Romney for President 2012: How Mitt Was Influenced to Run By His Mother Lenore

Impact

In 1970, Republican party bosses nominated Mitt Romney's mother Lenore for the U.S. Senate in Michigan. Lenore was anti-Vietnam war, reluctantly in favor of legalizing abortion (at the time, a federal crime), pro-environment, and pro-national health care. Her 23-year old son worked tirelessly for her campaign, more than he had ever worked for his father. Lenore's ideas, and her approach to politics and people, seems to have influenced her son the most.

Lenore Romney's senate nomination was partly a result of Republican insider politics. George Romney, former Michigan governor, and at one time, dominating front-runner for the Republican presidential nomination, was serving unhappily in the Nixon Administration as Secretary of Housing & Urban Development and Nixon wanted him out. Instead of running himself, George Romney decided that his wife would make the better candidate.

After a contentious Republican primary, Lenore became Michigan's first female candidate for national office. If elected, she would have been the third woman to serve in the U.S. Senate. Few films of Lenore Romney are available, but this 1962 video on behalf of her husband's presidential campaign unearthed by Buzzfeed in early September shows her warmth and personality.

In June, Time mined its archives and published a retrospective about Lenore Romney and her run for the senate. 

Lenore was uncomfortable with the rough-and-tumble of campaigning, and used a combination of charm and sincerity to respond to critics. She responded cheerfully to the cries of factory workers that she should "get back in the kitchen," but had no response to a farmer who declared, ""Ma'am, we don't vote for women or niggers in this county."

Michigan pols who knew both George and Lenore Romney told Time that they were uncertain whether or not Mitt Romney took more after his mother or his father, but suspected he was more like his mother than his combative, outspoken father. George Romney relished opposition and never backed down from a position, including his spectacularly costly gaffe of opposing the Vietnam War by saying he'd been "brainwashed."

In a campaign year where women's issues have been often portrayed as uterus and ovary-oriented, I found something personal of interest when researching Lenore Romney and her relationship with her youngest son. Reluctantly in favor of legalized abortion, Lenore called Mitt her "miracle baby." After the birth of her third child, Mitt's older brother George Scott, doctors warned Lenore she might not survive another pregnancy. She became pregnant anyway, although she was later required to have a hysterectomy.

I, too, was a "miracle baby." My mother had been diagnosed with pancreatic cancer two years before she became unexpectedly pregnant with me. She stopped taking early chemotherapy and radiation treatments in the hope that I would survive, and I was born three months prematurely. Three months after my birth, my mother, who was one of the first females in animation and an Academy Award-winning art director, did die of pancreatic cancer.

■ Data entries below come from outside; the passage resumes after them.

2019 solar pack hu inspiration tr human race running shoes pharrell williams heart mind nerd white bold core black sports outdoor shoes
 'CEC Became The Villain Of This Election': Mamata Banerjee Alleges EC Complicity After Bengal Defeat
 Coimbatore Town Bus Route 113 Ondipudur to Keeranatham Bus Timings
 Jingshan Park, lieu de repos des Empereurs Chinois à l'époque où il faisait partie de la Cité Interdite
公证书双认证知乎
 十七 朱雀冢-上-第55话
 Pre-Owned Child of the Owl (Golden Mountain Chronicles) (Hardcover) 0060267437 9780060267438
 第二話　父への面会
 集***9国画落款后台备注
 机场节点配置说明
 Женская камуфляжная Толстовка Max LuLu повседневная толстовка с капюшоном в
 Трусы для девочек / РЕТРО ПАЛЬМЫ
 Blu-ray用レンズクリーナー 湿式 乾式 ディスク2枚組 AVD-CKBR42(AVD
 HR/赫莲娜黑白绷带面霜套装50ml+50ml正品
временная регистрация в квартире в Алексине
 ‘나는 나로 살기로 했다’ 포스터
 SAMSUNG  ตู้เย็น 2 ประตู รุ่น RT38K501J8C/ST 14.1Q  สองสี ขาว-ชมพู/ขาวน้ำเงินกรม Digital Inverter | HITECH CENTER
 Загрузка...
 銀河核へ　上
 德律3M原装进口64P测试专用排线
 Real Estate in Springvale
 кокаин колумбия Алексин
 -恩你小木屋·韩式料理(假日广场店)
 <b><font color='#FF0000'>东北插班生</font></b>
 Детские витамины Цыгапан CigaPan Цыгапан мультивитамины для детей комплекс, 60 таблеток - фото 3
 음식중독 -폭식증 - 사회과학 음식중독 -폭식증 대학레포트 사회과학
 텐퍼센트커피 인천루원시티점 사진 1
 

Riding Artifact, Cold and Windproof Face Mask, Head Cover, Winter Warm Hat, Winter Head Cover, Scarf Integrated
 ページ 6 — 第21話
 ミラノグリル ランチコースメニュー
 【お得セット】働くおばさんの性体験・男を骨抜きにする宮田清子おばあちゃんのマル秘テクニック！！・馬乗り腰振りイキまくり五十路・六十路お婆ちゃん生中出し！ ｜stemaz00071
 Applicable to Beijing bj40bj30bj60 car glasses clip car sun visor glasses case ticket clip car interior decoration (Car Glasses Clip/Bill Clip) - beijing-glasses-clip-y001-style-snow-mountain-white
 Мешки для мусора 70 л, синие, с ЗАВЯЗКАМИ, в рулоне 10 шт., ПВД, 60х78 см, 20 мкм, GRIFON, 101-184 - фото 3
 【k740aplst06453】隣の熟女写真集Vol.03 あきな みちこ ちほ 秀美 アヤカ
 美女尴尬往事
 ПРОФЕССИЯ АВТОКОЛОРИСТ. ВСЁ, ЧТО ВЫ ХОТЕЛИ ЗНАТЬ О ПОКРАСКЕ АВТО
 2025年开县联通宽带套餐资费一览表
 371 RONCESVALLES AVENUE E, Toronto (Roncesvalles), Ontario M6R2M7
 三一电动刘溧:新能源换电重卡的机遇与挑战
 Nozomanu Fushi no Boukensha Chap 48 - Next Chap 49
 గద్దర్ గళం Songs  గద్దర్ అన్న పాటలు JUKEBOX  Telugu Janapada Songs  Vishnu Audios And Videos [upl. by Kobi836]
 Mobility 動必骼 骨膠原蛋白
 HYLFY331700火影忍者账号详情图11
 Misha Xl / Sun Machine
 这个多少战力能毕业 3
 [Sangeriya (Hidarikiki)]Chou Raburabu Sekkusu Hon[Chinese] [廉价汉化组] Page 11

I could not help but think of my mother, and my aunt, and all of the other courageous women in my family, when reading about Lenore Romney, who graciously endured daily slurs, constant condescension, and open insults in her senate campaign. Her ideas about health care certainly gave rise, years after her death, to "Romneycare" in Massachusetts. 

I thought of the irony in the difference between the life and death choices that Lenore and my mother went through and the pathetic substitute for "women's issues" that I saw on stage at the Democratic National Convention, and in their constant single-issue electioneering. Lenore Romney (and I'm certain, my mother as well) have my identical position on abortion. We cannot make that choice for others, do not (in the exact words of Lenore Romney) believe the government can legislate morality, and would prefer to see pregnancies prevented rather than aborted. For ourselves, we would choose the baby's life over our own. All three of us have made this identical choice.

I cannot say whether Mitt Romney is the right candidate for president or not, but I can say that his family's story deserves to be discussed and understood. I can say that his mother's behavior and statements reflect the best in the American character.